Vodacom challenges Telkom with fibre network - TechCentral

Vodacom challenges Telkom with fibre network

Vodacom looked set on a collision course with its former shareholder, fixed-line operator Telkom, on Tuesday as it officially launched its high-speed fibre network aimed at business customers.

Providing fixed-line services to corporate customers is an area that Telkom, which disposed of its 50% stake in Vodacom in 2009, has long dominated.

Vodacom Business plans to offer the metro Ethernet fibre-based network, which it calls Metro E, to businesses in SA’s main metropolitan areas. The launch follows several years of investment by Vodacom and its partner, Dark Fibre Africa, in infrastructure.

The fibre network offers access speeds of between 2Mbit/s to 1Gbit/s and has been laid along routes that will serve large businesses, meaning many companies are just 50-100m from a fibre termination point.
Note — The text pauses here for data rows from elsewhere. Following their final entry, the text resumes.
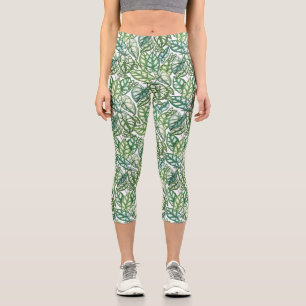 Leggings Capri Patrón de hojas tropicales verdes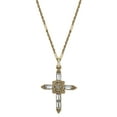 thumbnail image 3 of Symbols Of Faith Inspirations 14K Gold Dipped Crystal Cross Pendant Necklace, 18, 3 of 4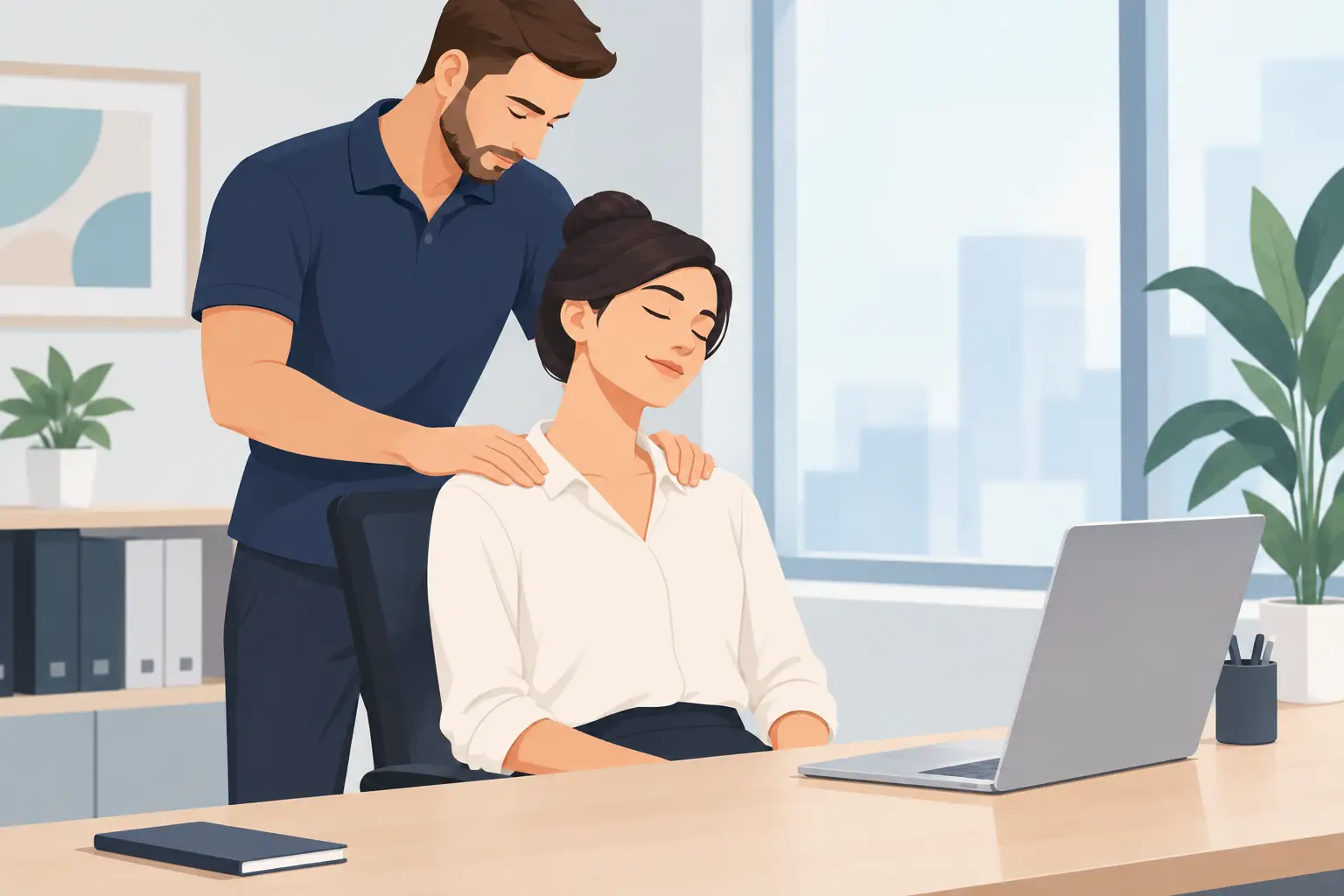 Massage-Erfolg bei Büroverspannungen spüren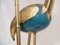 Vintage Flamingo Turquoise and Gold Lamp Lamp by Antonio Pavia, 1970s 5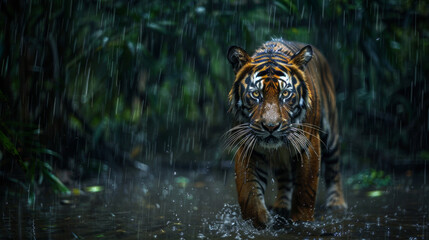 Fototapeta na wymiar tigre de Bengale vu de face sous la pluie dans la jungle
Ermano Quartero, managing executive of products and services at Vodacom Business, says the network will allow companies to connect their branch offices and access the Internet. The service is available in Gauteng, Cape Town and Durban.  — Staff reporter, TechCentral


  1. But why? i mean the industry is shifting more towards wireless & converged services; how will this give Vodacom the edge to compete in the future? someone please enlighten me…
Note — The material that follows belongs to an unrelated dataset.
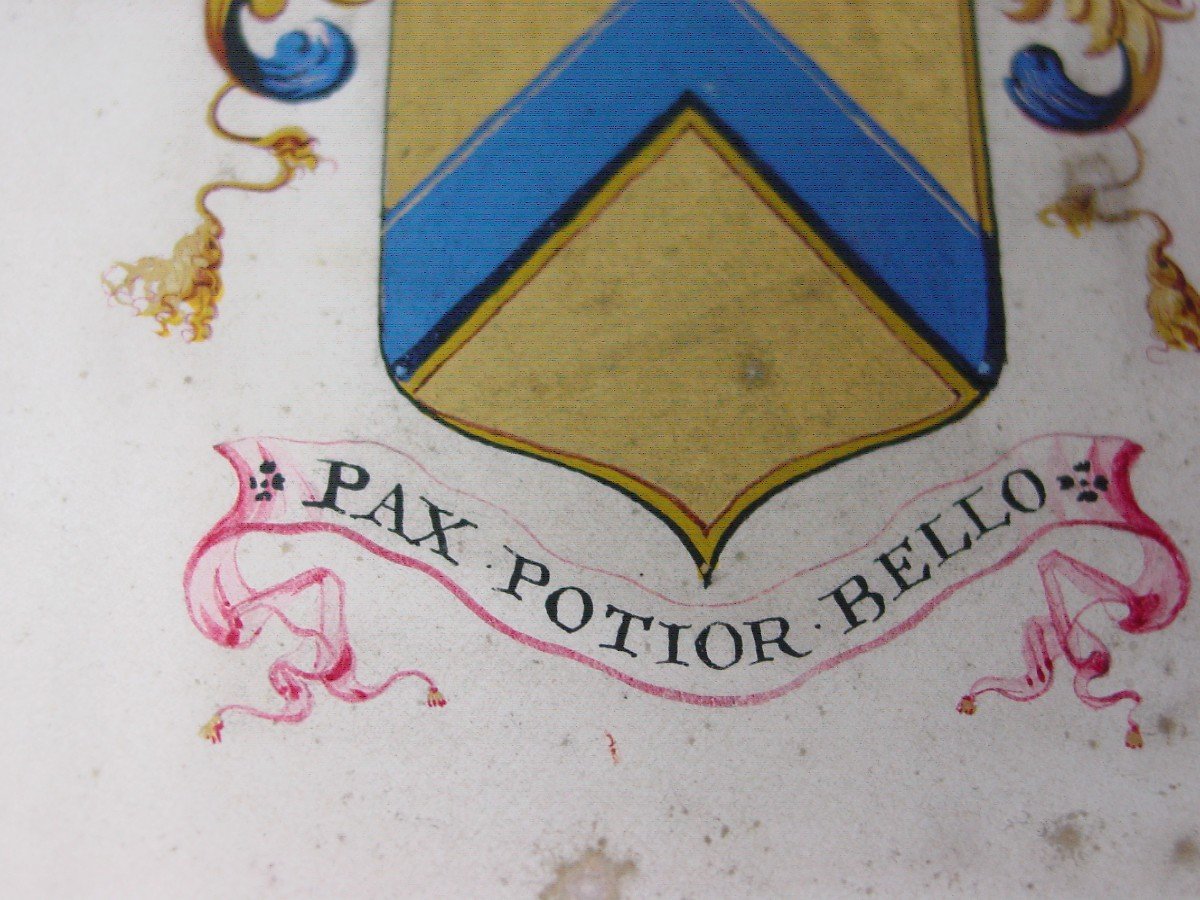 Armoiries Sur Parchemin Famille :"bastard De Kitley": "pax Potior Bello"-photo-3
  2. Their will always be a need for fixed line connectivity. wirless is great but still has limitations.

    Have you seen iburst offering speads of up to 1gbit? Also 3g is costly to run.
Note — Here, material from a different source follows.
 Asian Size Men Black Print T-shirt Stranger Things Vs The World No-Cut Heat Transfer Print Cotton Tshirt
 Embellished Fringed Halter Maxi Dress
    Besides cost you will always need some sort of fixed line structure for mobile operators. Vodacom is effectivly taking out Telkom from the picture. They are becomming the last mile connection, which is good since Neotel has not been able to deliver here

    This will also have an impact on the costs we pay to the likes of Telkom and Vodacom and as companies we stand to gain, more options less focus one provider monopoly

  3. Wireless (radio signals) is an abstract medium and depending on the frequency can suffer from the density of objects in between the transmitter and receiver. Bandwidth is also limited. Wireless is ideal for last-mile but necessarily for large businesses that might need multi megabit.

    Copper is a solid medium but has limitations on distance and amount of bandwidth that can be sent using it.

    Even though light, such as the light used in fibre optic cables, is an abstract medium the enclosures for the light is again a solid medium and can cover great distances and accommodate huge bandwidth. That is why fibre optic is the only real medium to use for high bandwidth applications (such as those that might be used by business).